Showing posts with label when to use SOA. Show all posts
Showing posts with label when to use SOA. Show all posts

Jun 9, 2007

When to decouple?

It is quite modern nowadays to decouple things. One project in USA to deal one business requirement, another in Pakistan to deal with some other business requirement and one more in Romania and one more in Bulgaria...

Is it so good indeed to decouple single project into Web services and make them talk each other?

Well I think as most things in this life decoupling has its advantages and disadvantages.

I nearly lost my mental health becouse of an xslt to transform an xml document to another xml document so it can be sent from a system we are developing to a system, which provides document printing. Does it worth to write 14, 000 lines of xslt code only to print a document? Well, depends on the viewpoint. First of all decoupling minimizes
the development efforts in the corporation, by splitting it into development efforts in two or more corporations. That's good #1. Second - it can save years of gathering data (a good example are the credit providers in the USA, they have information you can hardly obtain other way but using their (paid) services). That's good #2.
The support is done by the other party, you don't need to care about it. That's good #3.
The other good thing is that there's always someone else to blame for something not working ;). That's joke ofcourse. The truth is that if your code doesn't work - you'll lose your clients. That's the simple truth about any business.

Now let's turn our attention on the disadvantages the SOA and decoupling may bring to you. The first and one of the biggest disadvantages is that YOU ARE DEPENDING ON SOMEONE ELSE. Any technical problem on their side will affect your side and what's worse - it will also affect your customers. And what is even worse- it will (in most cases) harm your reputation, not the reputation of the party that made the mistake (so be careful about what are you writing in the error messages the customer will see on other party fail;). Yeah, I mean it. You shouldn't accept the other party guilt as yours, if they could delivered it to you, you would have delivered it to the client, right? So instead of writing :
"Error, we have a problem"
write :
"Error, our partner have a problem."
Other big disadvantage is that while developing your side code you are facing a black box. You don't know what's happening in this black box and why it is responding in the way it does. You can only trust the documentation you may have. But is everything in it? No, I don't think so. Especially for complex services some small things are always missing and you need to either figure them out (which costs a lot of money for pills) or contact the other party and wait so they can clear the problem and document it.
I remember once I faced great problems with a web service which simply refuses to return any response. Only some simple empty xml document. Finally we figured out with my colleagues it needed two spaces in the begining of the document. I remember I wanted to swim from Bulgaria to USA to ask the guys who developed this thing to show me how would the request the document. The development dificulties, however are not a great obstacle, becouse once passed, they won't worry you anymore. But there is one more disadvantage which will remain - the transportation of the data. In order to get response from a third party service you need to send it request (this request is transported over the Internet), the service needs time to process it and then it returns you the request (which is also transported over the Internet). Then you may do something with this request and send response to the client (which is also done over the Internet). So instead one response / request pairs, you will have two. That's 100% bandwidth growth. It isn't something you can live with.

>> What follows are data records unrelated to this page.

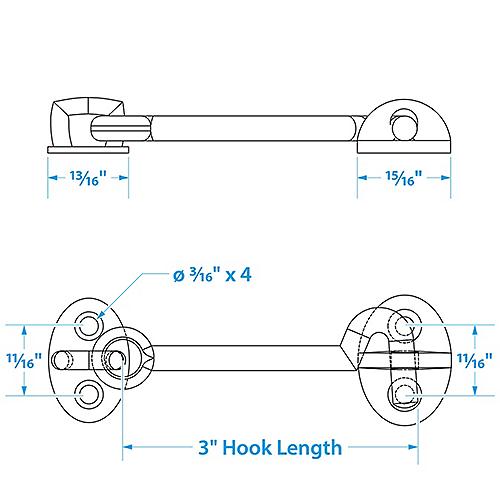 SEACHOICE 36141 3IN CABIN DOOR HOOK CHROME/BRASS
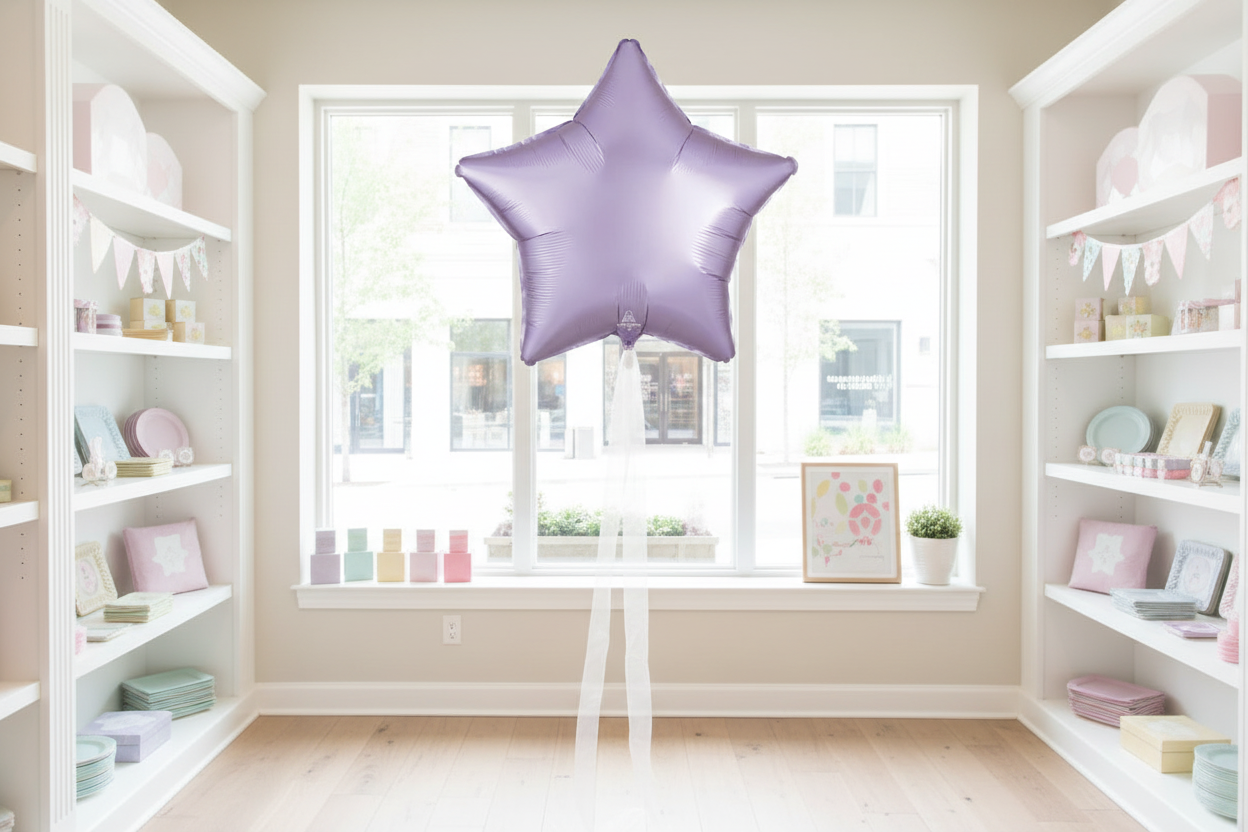 Lilac star balloon in elegant party shop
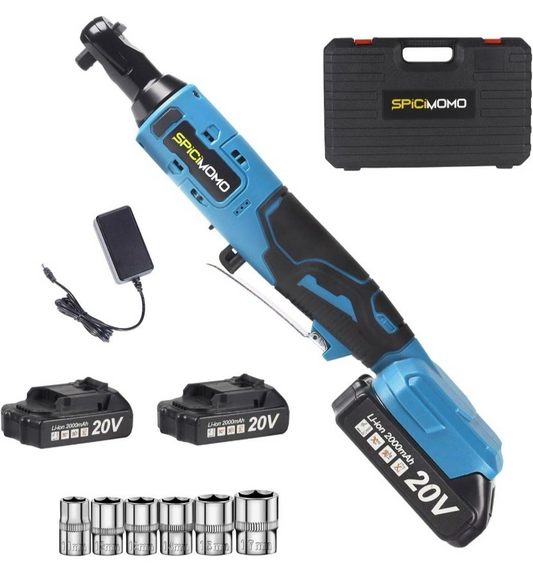 SpiciMoMo Electric Ratchet Wrench Set w/2 Batteries 20V 2.0Ah High Torque Power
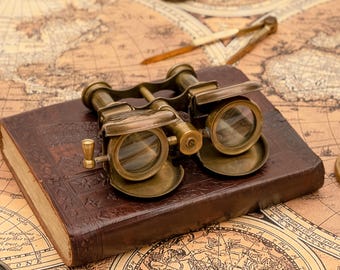 Premium Vintage Brass Telescope | Nautical Decor | Antique Gift For Collectors & Explorers | Handmade Binocular Telescope With Leather Case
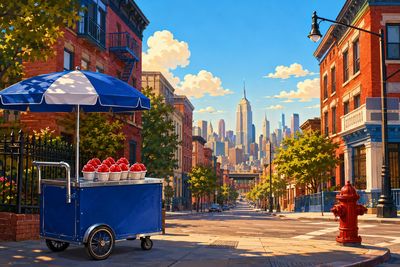 A vibrant city street with a snow cone cart and skyline view.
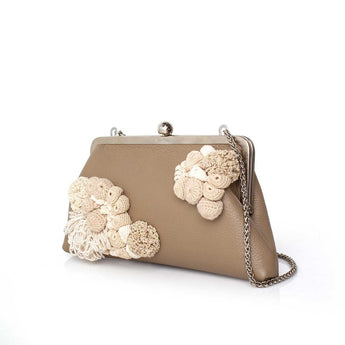 MOSS ON BEIGE LEATHER CLASSIC BAG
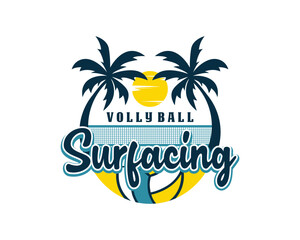 Beach Volleyball Logo Illustrations Vectors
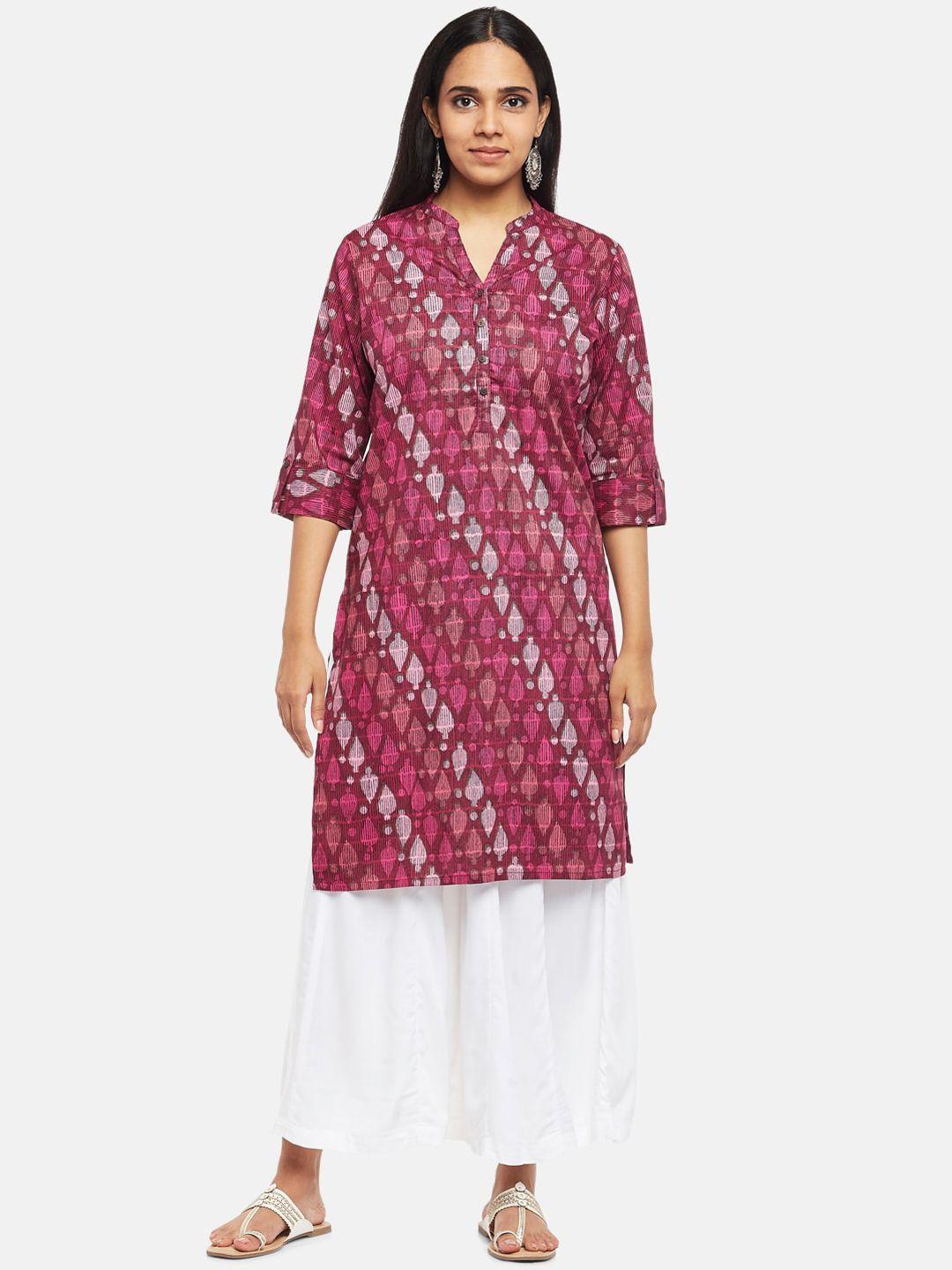 rangmanch by pantaloons women magenta pink ethnic motifs printed cotton kurta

So the question remains. When should we use decoupling and SOA (I mean services, provided by third parties)?

I think it is a good choice to use third party services when you need some sort of information which is hard to obtain or may require too much time and which someone already have (credit reports in USA are good example, I think). You also may consider using SOA for services which will require a lot of time for development and which are already developed by third parties. For simple services - I think it is better to develope them on your own, so you don't waste too much bandwidth and depend on other parties.